SOCS3 is a protein that operates through a negative feedback curve. Overexpression of this protein inhibits the initial signal responsible for its own induction by blocking the Jak/STAT pathway. Huang et al. [22] demonstrated that SOCS3 expression was 11 times higher in patients whose HCV viral load decreased by 2 log in the fourth week of treatment compared to the individuals with no decline in viremia. Conversely, in the study presented by Persico et al. [23], a worse response to antiviral treatment was observed in patients with an increased expression of the gene encoding this protein. In our study, no statistically significant difference between SOCS3 expression in patients with and without EVR was observed. Expression of SOCS3 had no influence on EVR. Discordant results presented by other authors indicate the lack of practical significance of the analysis the expression of this gene for predicting the results of antiviral therapy.

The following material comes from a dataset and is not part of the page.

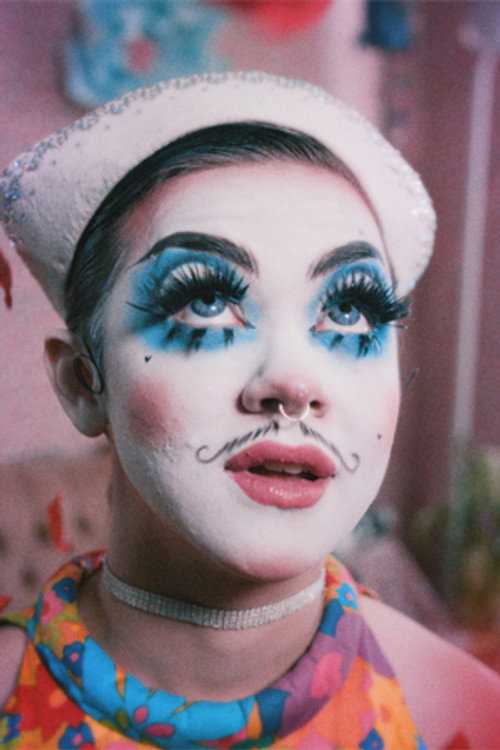 Photo of Rose Butch, Acting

The relationship between HCV and miR-122 is complex. On one hand, miR-122 can interact with HCV and positively regulate replication of the virus in cell culture [18]. On the other hand, as presented by Pedersen et al. [19], miR-122 expression can be negatively regulated by IFN in Huh-7 cells.

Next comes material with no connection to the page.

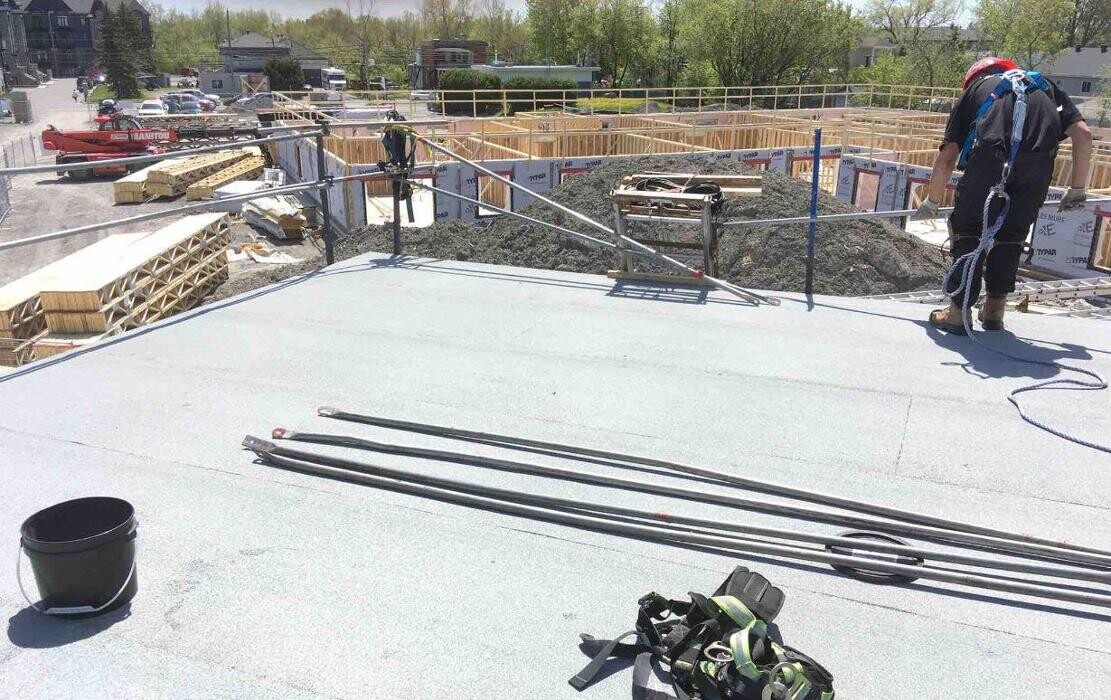 Images Toitures PME inc.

According to our results, miR-122 expression was not a relevant prognostic factor for the response to treatment with IFN and ribavirin. In our study, a higher level of expression of miR-122 was observed in patients with EVR in comparison to those without EVR, but this difference was not statistically significant. Adding the evaluation of miR-122 expression to the analysis of IFI27 expression did not significantly increase the predictive value of the latter. However, the literature presents several contradicting opinions on this subject. It was demonstrated by some authors that lower levels of miR-122 were associated with a worse response to treatment with IFN and ribavirin [16, 17]. In the study conducted by Murakami et al. [24] miR-122 expression with FDR correction did not differ statistically significantly in patients with SVR compared to those who did not attain SVR.

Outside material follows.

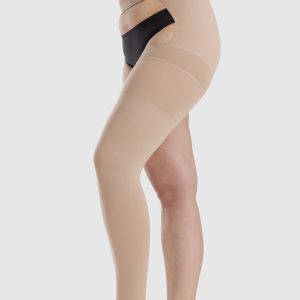 Hemicollant de contention Dynamic classe 3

Interestingly, in a study conducted in vitro by Yoshikawa et al. [25], silencing of miR-122 function enhanced IFN-induced interferon-stimulated response element (ISRE) activity by decreasing expression of SOCS3.

In our study, no correlation between miR-122 expression and either IL28B genotype or IFI27 expression was found. However, we observed a positive correlation between miR-122 and SOCS3. Despite numerous studies on this subject, the role of miR-122 in the pathogenesis of HCV requires further investigation.

Presently, as non-invasive methods for diagnosing fibrosis in patients with chronic viral hepatitis C, such as fibroscan or elastometry, gradually replace liver biopsy, performing this procedure with a view to analyzing IFI27, SOCS3 and miR-122 expression for the prognosis of EVR is not associated with additional benefits.


Analysis of hepatic expression of IFI27, SOCS3 and miR-122 does not provide substantial benefits for the prognosis of EVR. The only independent prognostic factors for EVR are age and IL28B genotype. The prognostic significance of IFI27 expression for EVR is dependent on the genetic polymorphism of IL28B.